From https://towardsdatascience.com/a-b-testing-design-execution-6cf9e27c6559

To see what’s going to happen, we need to conduct an A/B test. In this article, we are going to focus on how we can execute our test programmatically and report the statistics behind it. 

Just before jumping into coding, there are two important points you need to think while designing and A/B test.
- 1- What is your hypothesis?

Going forward with the example above, our hypothesis is, test group will have more retention:
Group A → Offer → Higher Retention
Group B → No offer → Lower Retention
This also helps us to test model accuracy as well. If group B’s retention rate is 50%, it clearly shows that our model is not working. The same applies to measure revenue coming from those users too.
- 2- What is your success metric?

In this case, we are going to check the retention rate of both groups.

### Programmatic A/B Testing

In [7]:
#import libraries
from __future__ import division

from datetime import datetime, timedelta,date
import pandas as pd
%matplotlib inline
from sklearn.metrics import classification_report,confusion_matrix
import matplotlib.pyplot as plt
import numpy as np
import seaborn as sns
from sklearn.cluster import KMeans



import sklearn
import xgboost as xgb
from sklearn.model_selection import KFold, cross_val_score, train_test_split
import warnings
warnings.filterwarnings("ignore")


In [8]:
df_hv = pd.DataFrame()
df_hv['customer_id'] = np.array([count for count in range(20000)])
df_hv['segment'] = np.array(['high-value' for _ in range(20000)])
df_hv['group'] = 'control'
df_hv.loc[df_hv.index<10000,'group'] = 'test'

Ideally, purchase count should be a Poisson distribution. There will be customers with no purchase and we will have less customers with high purchase counts.
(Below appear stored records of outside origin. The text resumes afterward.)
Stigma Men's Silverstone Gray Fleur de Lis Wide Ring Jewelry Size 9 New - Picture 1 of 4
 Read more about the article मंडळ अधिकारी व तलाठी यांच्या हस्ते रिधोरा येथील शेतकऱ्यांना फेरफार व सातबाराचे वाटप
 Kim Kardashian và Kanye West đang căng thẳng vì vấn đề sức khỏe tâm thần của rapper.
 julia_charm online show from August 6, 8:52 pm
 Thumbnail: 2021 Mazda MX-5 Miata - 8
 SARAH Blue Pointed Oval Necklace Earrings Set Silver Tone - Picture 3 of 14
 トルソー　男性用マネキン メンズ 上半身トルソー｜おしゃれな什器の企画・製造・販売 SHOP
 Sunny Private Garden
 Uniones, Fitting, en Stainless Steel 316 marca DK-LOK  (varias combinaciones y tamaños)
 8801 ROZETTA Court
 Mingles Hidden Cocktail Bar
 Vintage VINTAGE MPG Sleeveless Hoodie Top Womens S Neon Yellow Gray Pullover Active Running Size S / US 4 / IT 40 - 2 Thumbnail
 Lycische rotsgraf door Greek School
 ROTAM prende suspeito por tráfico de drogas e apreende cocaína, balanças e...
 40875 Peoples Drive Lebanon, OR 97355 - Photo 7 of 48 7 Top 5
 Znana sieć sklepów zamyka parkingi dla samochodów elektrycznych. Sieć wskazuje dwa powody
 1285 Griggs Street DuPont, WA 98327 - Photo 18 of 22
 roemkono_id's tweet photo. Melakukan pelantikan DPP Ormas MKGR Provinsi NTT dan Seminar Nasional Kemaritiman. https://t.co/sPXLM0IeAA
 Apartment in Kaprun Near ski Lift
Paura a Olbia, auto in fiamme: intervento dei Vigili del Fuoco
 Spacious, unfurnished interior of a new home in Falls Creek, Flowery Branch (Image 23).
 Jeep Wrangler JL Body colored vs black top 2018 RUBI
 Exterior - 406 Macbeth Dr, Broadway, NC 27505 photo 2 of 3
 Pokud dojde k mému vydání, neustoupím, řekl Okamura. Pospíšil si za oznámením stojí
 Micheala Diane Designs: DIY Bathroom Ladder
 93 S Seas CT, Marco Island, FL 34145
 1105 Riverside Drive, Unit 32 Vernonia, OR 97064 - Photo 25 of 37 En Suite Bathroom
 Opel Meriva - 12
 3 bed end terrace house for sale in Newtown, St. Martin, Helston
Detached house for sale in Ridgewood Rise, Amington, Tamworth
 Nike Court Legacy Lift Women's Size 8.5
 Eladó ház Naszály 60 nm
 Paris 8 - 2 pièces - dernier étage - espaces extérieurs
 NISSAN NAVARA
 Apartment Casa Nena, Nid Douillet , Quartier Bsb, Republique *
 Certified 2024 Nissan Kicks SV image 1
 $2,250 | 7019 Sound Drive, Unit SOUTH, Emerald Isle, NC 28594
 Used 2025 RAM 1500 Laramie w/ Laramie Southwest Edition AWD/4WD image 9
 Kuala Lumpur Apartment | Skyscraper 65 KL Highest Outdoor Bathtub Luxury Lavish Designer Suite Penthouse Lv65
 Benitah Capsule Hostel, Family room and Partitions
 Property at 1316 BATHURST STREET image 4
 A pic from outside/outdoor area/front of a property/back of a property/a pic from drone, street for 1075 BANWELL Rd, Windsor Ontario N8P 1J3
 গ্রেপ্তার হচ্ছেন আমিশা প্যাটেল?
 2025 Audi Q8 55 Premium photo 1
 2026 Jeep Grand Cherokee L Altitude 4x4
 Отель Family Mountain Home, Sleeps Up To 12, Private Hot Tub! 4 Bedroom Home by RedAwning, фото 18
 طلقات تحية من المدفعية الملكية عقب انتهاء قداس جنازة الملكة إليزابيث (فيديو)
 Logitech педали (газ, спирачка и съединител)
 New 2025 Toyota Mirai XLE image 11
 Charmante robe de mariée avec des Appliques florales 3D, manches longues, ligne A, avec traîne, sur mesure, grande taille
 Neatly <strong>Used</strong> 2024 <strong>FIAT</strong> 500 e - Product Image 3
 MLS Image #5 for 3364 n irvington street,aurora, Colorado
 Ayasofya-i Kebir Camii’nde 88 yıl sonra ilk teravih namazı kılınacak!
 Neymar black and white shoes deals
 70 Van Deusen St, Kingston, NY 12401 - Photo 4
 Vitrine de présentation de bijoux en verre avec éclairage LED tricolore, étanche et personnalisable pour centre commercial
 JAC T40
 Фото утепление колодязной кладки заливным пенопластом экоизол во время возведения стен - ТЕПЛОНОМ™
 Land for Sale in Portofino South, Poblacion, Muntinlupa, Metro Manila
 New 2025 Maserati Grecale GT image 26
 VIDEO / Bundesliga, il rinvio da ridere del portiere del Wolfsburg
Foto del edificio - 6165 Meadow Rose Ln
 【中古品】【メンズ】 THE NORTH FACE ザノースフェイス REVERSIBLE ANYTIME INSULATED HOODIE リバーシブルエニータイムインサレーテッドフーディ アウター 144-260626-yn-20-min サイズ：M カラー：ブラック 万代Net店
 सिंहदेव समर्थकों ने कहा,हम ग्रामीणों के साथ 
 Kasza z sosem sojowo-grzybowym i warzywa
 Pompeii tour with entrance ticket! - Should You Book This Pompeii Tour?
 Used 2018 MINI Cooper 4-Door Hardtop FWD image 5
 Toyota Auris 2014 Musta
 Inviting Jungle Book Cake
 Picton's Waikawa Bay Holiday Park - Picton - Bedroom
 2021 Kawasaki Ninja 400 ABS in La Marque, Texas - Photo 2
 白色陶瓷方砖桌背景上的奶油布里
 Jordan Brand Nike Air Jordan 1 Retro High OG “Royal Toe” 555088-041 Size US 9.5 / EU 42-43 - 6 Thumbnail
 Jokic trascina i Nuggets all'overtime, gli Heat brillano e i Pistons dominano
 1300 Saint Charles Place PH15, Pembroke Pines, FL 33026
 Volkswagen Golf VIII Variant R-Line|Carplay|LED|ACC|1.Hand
Let’s use numpy.random.poisson() for doing that and assign different distributions to test and control group:

In [9]:
df_hv.loc[df_hv.group == 'test', 'purchase_count'] = np.random.poisson(0.6, 10000)
df_hv.loc[df_hv.group == 'control', 'purchase_count'] = np.random.poisson(0.5, 10000)

Assume we applied an offer to 50% of high-value users and observed their purchases in a given period. Best way to visualize it to check the densities:

In [27]:
test_results = df_hv[df_hv.group == 'test'].purchase_count
control_results = df_hv[df_hv.group == 'control'].purchase_count

hist_data = [test_results, control_results]

group_labels = ['test', 'control']



#sns.histplot(data=dv_hv, x="purchase_count", hue="group")
df_hv[['purchase_count','group']]#.plot(kind='hist')

Unnamed: 0,purchase_count,group
0,1.0,test
1,1.0,test
2,0.0,test
3,0.0,test
4,0.0,test
...,...,...
19995,0.0,control
19996,0.0,control
19997,1.0,control
19998,0.0,control


In [30]:
from scipy import stats 
def eval_test(test_results,control_results):
    test_result = stats.ttest_ind(test_results, control_results)
    if test_result[1] < 0.05:
        print('result is significant')
    else:
        print('result is not significant')

In [31]:
eval_test(test_results, control_results)

result is significant


Looks great but unfortunately, it is not that simple. If you select a biased test group, your results will be statistically significant by default. As an example, if we allocate more high-value customer to test group and more low-value customers to control group, then our experiment becomes a failure from the beginning. That’s why selecting the group is the key to a healthy A/B test.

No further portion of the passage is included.